Are we in the slot-machine room in some Vegas casino? These sound like games of chance, but they are actually favored tools for educators and their students.

We met last week to discuss our favorites, and the transcript, packed with URLs and SLURLs, can be found at this link. One I know I'll use: Pmiller's shared media tools bookmarks (as soon as I get up the courage to use Viewer 2).

What amazed me, as ever, is the sheer number of useful tools, from whiteboards to video-capture applications to in-world gadgets, that educators and students employ in Second Life and in OpenSim grids.

Comb through the transcripts, colleagues, and see what you need in your virtual toolboxes.

Monday, August 30, 2010

Just Because: New Look at I.A.S.L.

I've been thinking about Cyberpunk so much lately, so I played with Blogger's design templates and picked an oh-so-1980s white and gray on black.

Remember those black marble countertops, stainless steel fixtures, and white walls? That really rad CD player?

C'mon, let's party like it's 1984 and Neuromancer has just been released!

Or, do you HATE this look? Think it completely unreadable? Brickbats go into the comments section.

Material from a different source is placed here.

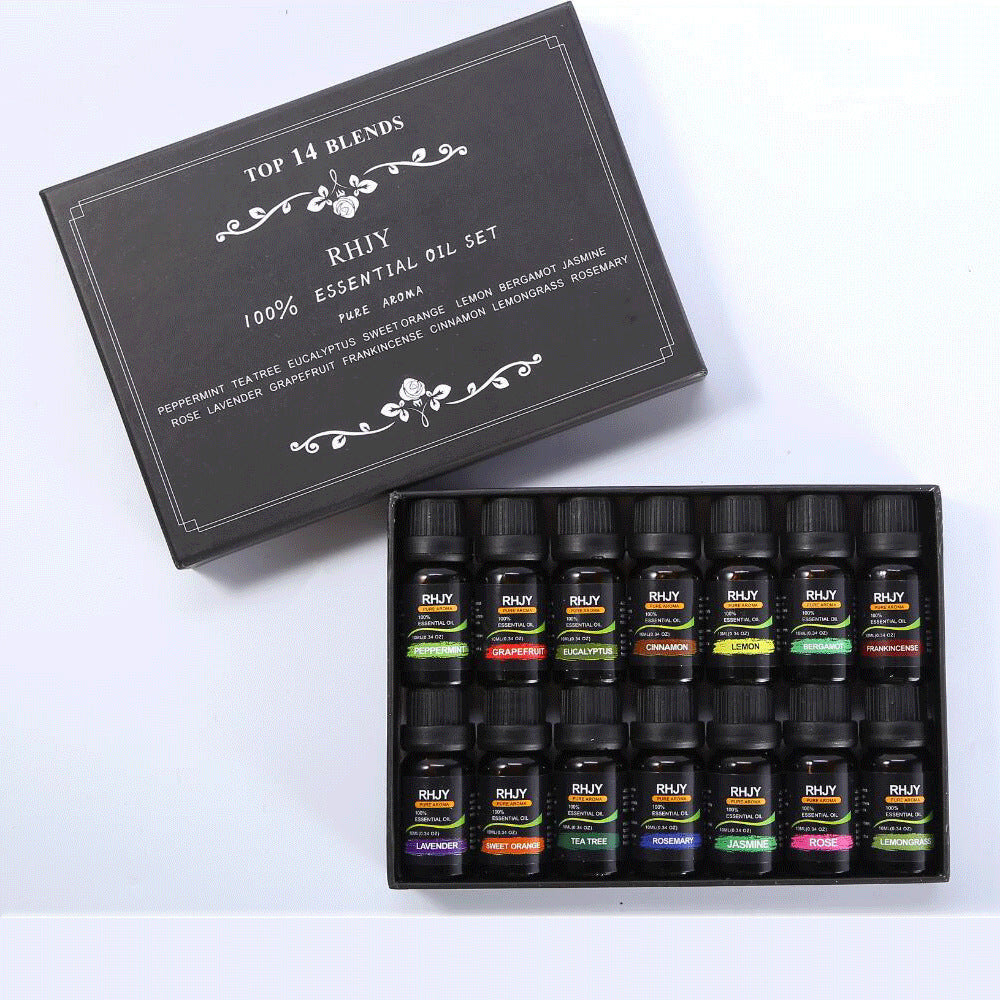 High Quality Essential Oil Set Combination the best essential oil flavor together 14 essences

Wednesday, August 25, 2010

Cyberpunkish Musing: Utopia? Or Dys?

mayroadtrip: Sign says it all
Location: RL Desk, Fixing Class Web Site

Over at New World Notes, I have followed the discussion of Neal Stephenson’s response to the erroneous claim in an NPR story. The reporter misused a quotation by the author about Google Earth to claim that Second Life is what Stephenson imagined in Snow Crash. Can we map the template for a cautionary tale over this novel and (to my mind) the better crafted The Diamond Age? That has been my reading of both books.

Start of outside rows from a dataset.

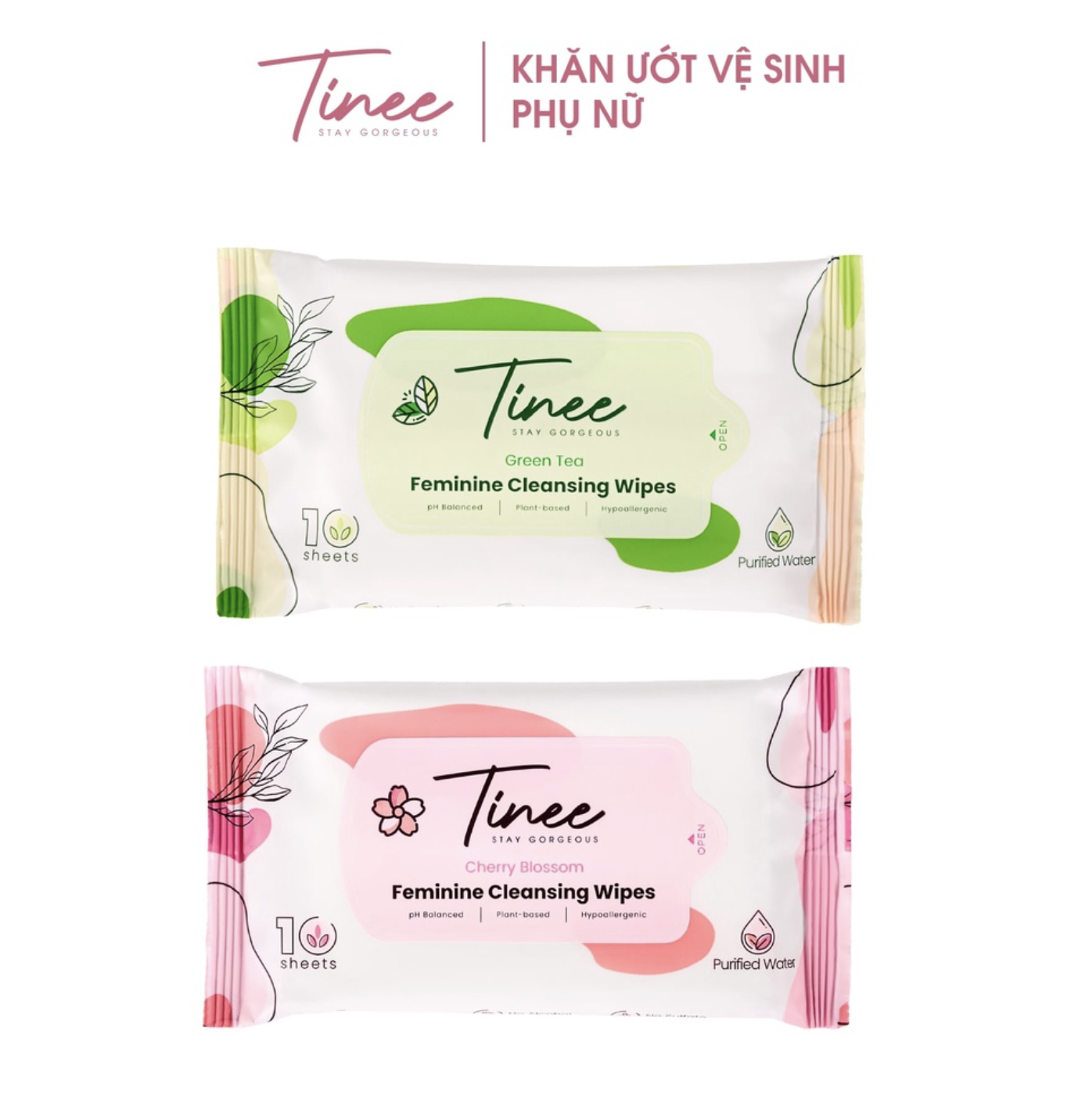Khăn ướt vệ sinh phụ nữ Tinee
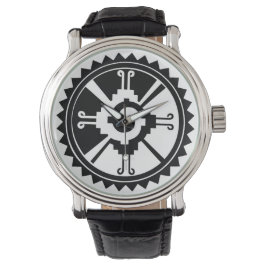 Armbanduhr mit Hunab Ku Mayan Symbol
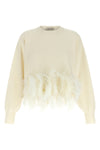 the alberta ferretti cropped jersey stands out for its relaxed silhouette in the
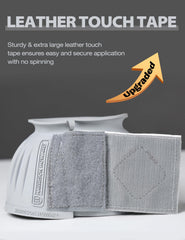 Harrison Howard leather touch tape close-up shows easy secure fit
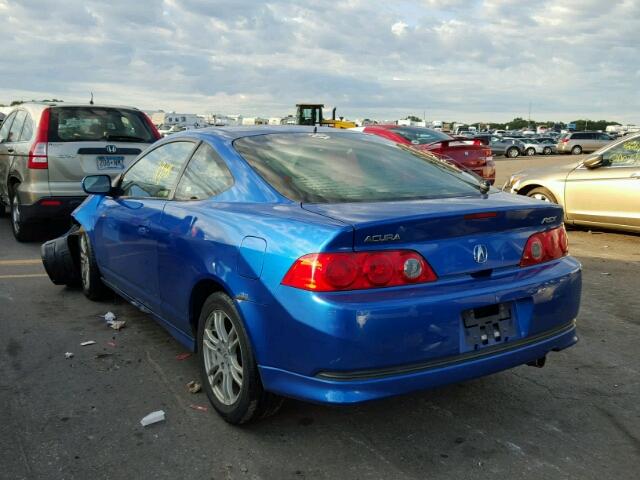 JH4DC54855S005145 - 2005 ACURA RSX BLUE photo 3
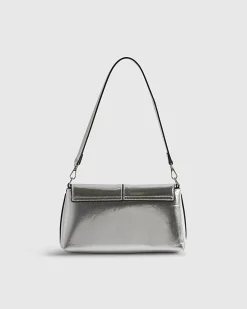 Silver Bar Front Clutch Bag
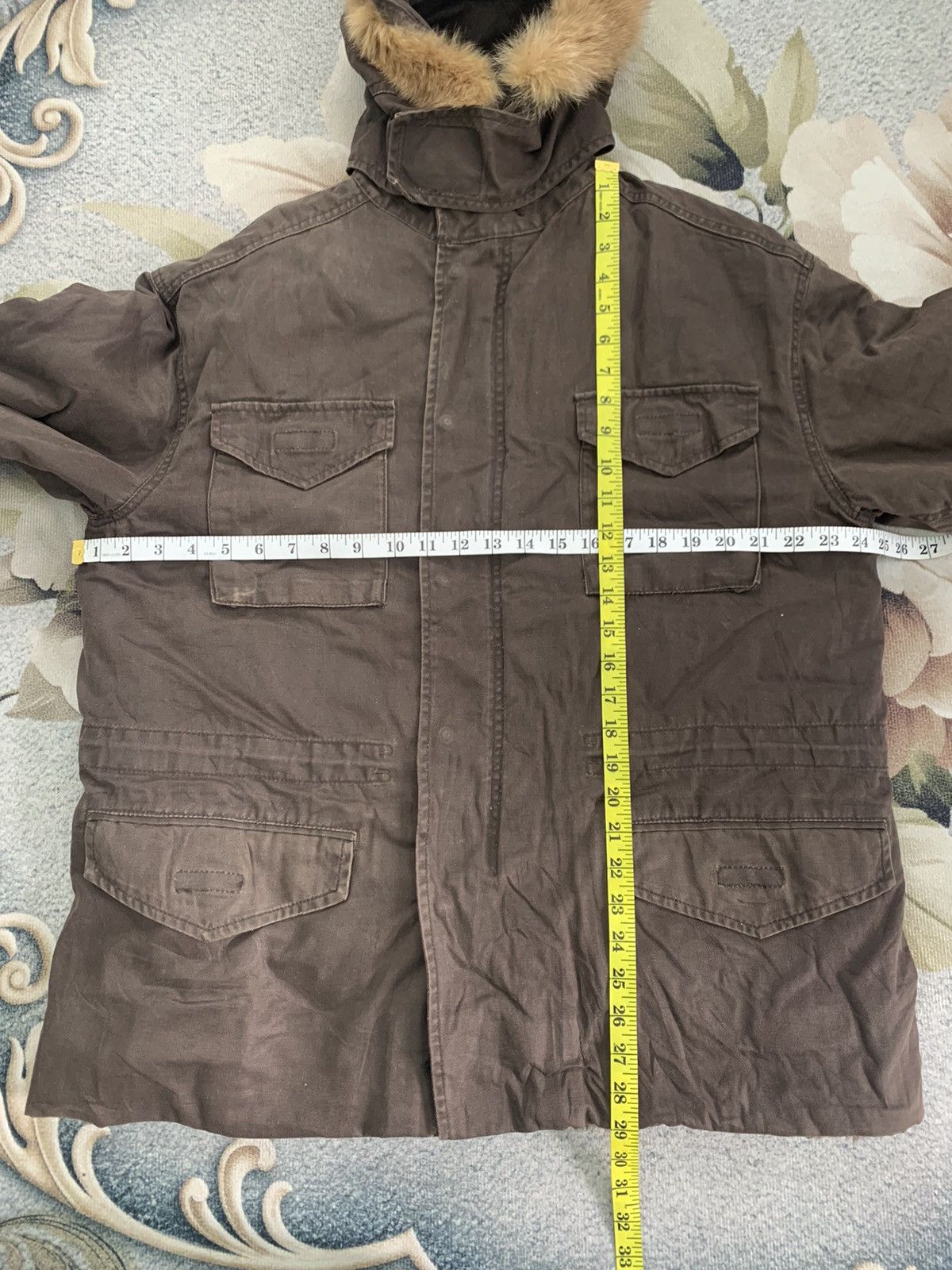 PPFM PPFM Military Parka Style Jacket Hoodie Hairy Fleece Inner Size US L / EU 52-54 / 3 - 11 Thumbnail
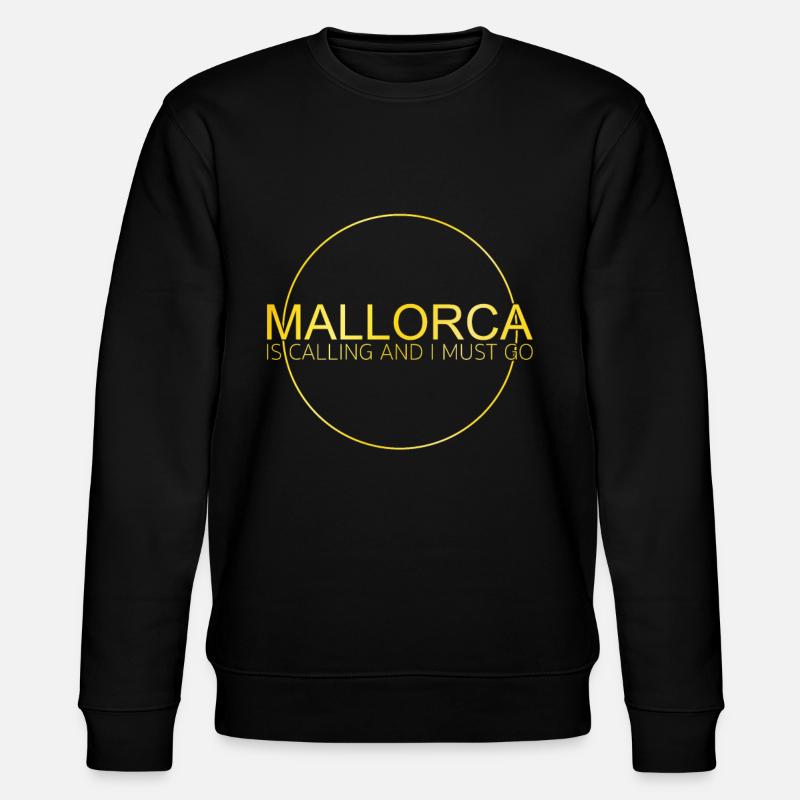 Mallorca Saying - Stanley/Stella CHANGER Unisex Organic Sweatshirt - black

I’ve been troubled by years about the craving others manifest for that future and, indeed, any future with a transhumanist immersion in consensual hallucinations. It worried William Gibson a lot, too, because, like Stephenson, he set out in part to warn about the power of media. I've lost the citation where he acknowledges the irony of what happened after the book appeared. But as he noted in the now quaintly dated documentary Cyberpunk, his fanboys and girls viewed the Neuromancer trilogy as a sort of utopian roadmap for the digerati in their leathers, high-end computers, and industrial-space housing (at least until they can join the exodus of mind to cyberspace). For Snow Crash, though Hiro Protagonist is just what Stephenson names him to be, my sympathies lie with Raven, Mr. “Poor Impulse Control.” I suspect that Stephenson made him an admirable villain to remind us of who gets left behind, and may fight back, in the sort of libertarian nightmare depicted in the novel.

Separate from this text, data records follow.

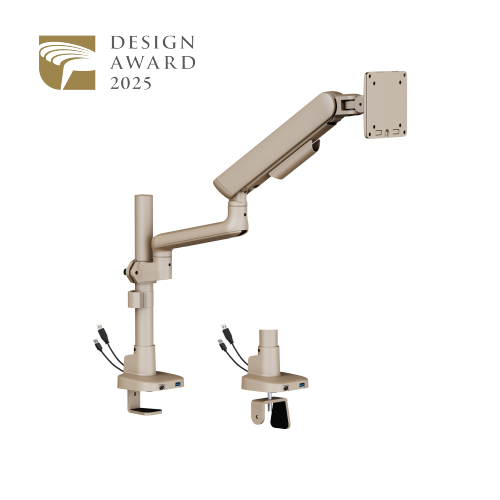 ELITE Pole-Mounted Mechanical Spring Monitor Arm with USB-A & USB-C Ports LDT118-C012UCP Leads the modernity by appearance and functionality. from china(chinese)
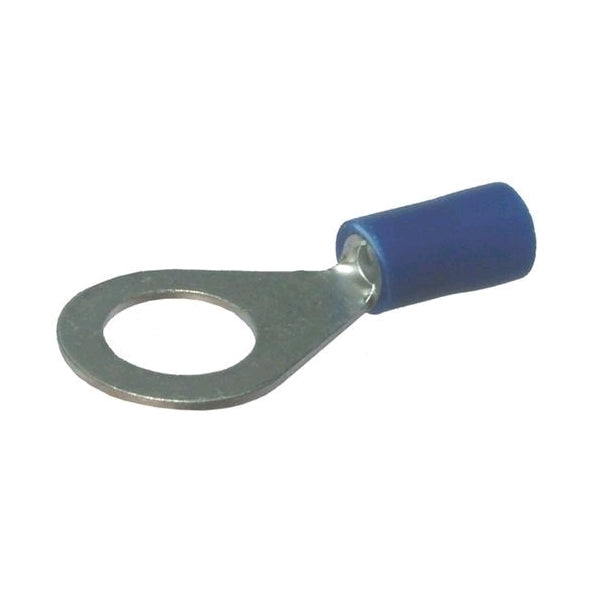Series of 4mm Blue Insulated Ring Terminals | Crimps/Lugs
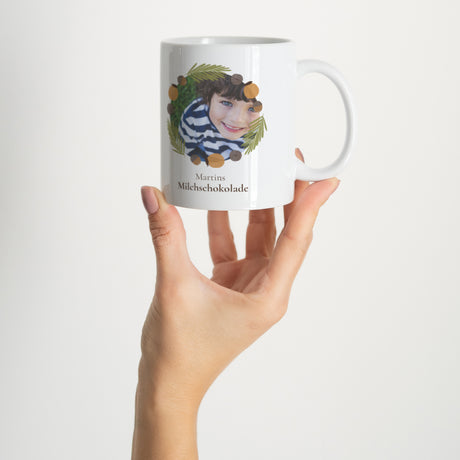 Tasse Weihnachten Weiß Wintersonnenwende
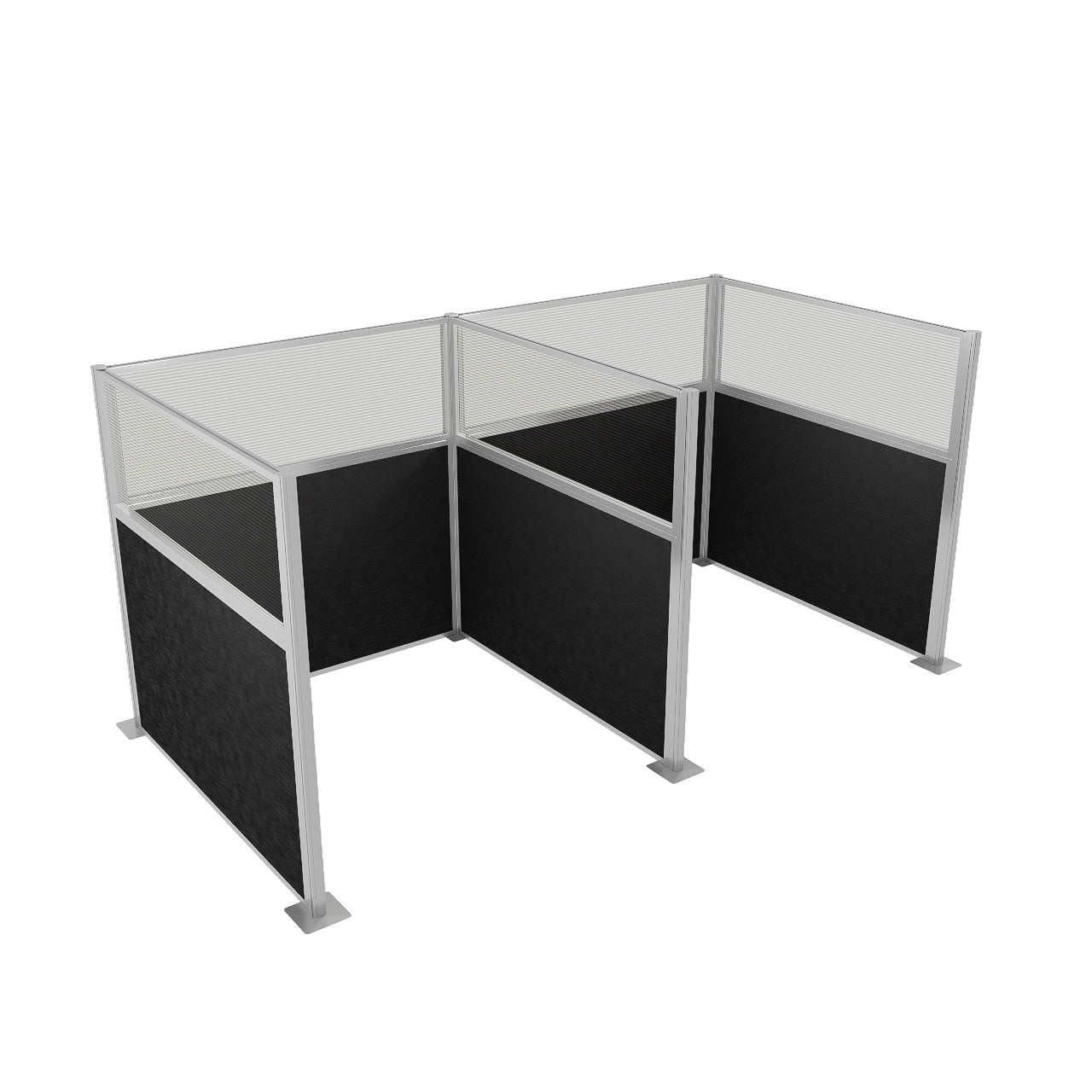 Portable Acoustic Cubicle Partition Kit, H or W Shape | Hush Panel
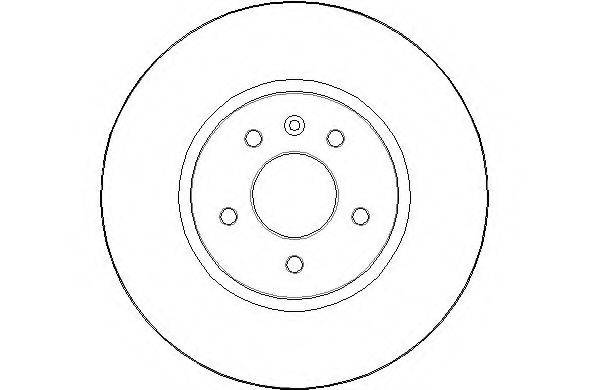 NATIONAL NBD1672 гальмівний диск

Raven’s glass knives are the ultimate reminder that Meat is greater than Mind, if I may mix my cyberpunk tropes a bit.

So, here's a different future from Neo-Luddite, Peak-Oiler me. Not as darkly sexy as Snow Crash or Neuromancer...but reality is always drearier and scarier than SF. As Gibson noted in a recent post, "The Future, capital-F, be it crystalline city on the hill or radioactive post-nuclear wasteland, is gone. Ahead of us, there is merely…more stuff. Events. Some tending to the crystalline, some to the wasteland-y. Stuff: the mixed bag of the quotidian." Read the rest of this post at Gibson's blog to see why he's not simply, to use his words, one of those "aging futurists, who of all people should know better. This newfound state of No Future is, in my opinion, a very good thing."

I'm not sure that my vision of the future will be so good for many who use virtual worlds and crave better ones. It will be both quotidian, in Gibson's terms, and very difficult.

We'll run out of cheap resources before we build consumer-grade immersive fantasy-lands online. Our efforts will be more mundane, to marshal our technical powers for survival in a time when not only highways but power grids enter a period of permanently cascading failure. There will be no fusion reactors, Mars missions, everyday nanotech, or Singularity. We'll be spinning windmills, stripping mountains (unless we Greens can stop it) for coal, and going to war for the last oil fields. We'll be growing our own food and patching our own roads to maintain local commerce as we rip apart vacant big-box stores for building materials or repurpose them as village markets as suburbia unravels.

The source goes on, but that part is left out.